Hej :))
Ale mnie dawno u Was nie bylo
ale ostatnio biegam i biegam i biegam, Nina chodzi do zlobka codziennie na 8h, odkad wrocilysmy od mojej mamy. Jutro znowu tam jedziemy wiec znowu zostanie z dziadkami.
Boje sie troche,ze to jej zycie jest takie nieuporzadkowane
nie wie jak wyglada jej dzien bo co chwile cos sie zmienia, ktos inny z nia zostaje
z drugiej strony to jej sie to podoba... jak siedzi kilka godzin ze mna to zaczyna mi wariowac i sie nudzic, wiec musze wpasc do kogos na herbate, albo rozmawiac na skype z dziadkami ;)

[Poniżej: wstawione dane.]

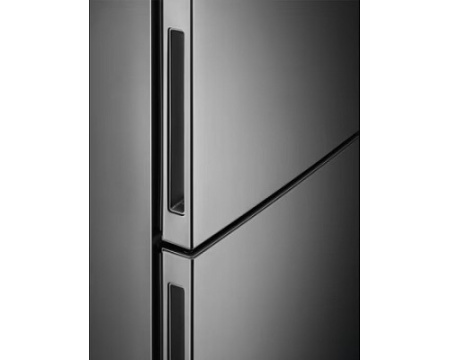 Холодильник Electrolux LNT7ME34X2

Dzisiaj bylam u endokrynologa, i nie wiem czy ja zglupialam czy on
powiedzial mi ze wmawiam sobie chorobe! A ja wrecz przeciwnie! Mialam robiona tomografie komputerowa glowy 3 lata temu i wyszlo male zgrubienie w formie guzka - ale nie wiadomo co to bylo, bo mogla byc tak uksztaltowana przysadka. Pozniej dostalam po roku skierowanie na nastepne ale dowiedzialam sie,ze jestem w ciazy i nie zrobilam. A teraz przychodze bo chce zrobic zeby sprawdzic czy nic sie nie powieksza, a ten mi z takim tekstem :O dziwne... a mowil ze mam przyjsc po karmieniu ....... hmm skoro NFZ za to placi to zrobie czemu nie ;) zwlaszcza,ze prywatnie kosztuje to kilka stowek, a lepiej miec pewnosc niz kiedys sie ocknac ze sie powiekszyl nie?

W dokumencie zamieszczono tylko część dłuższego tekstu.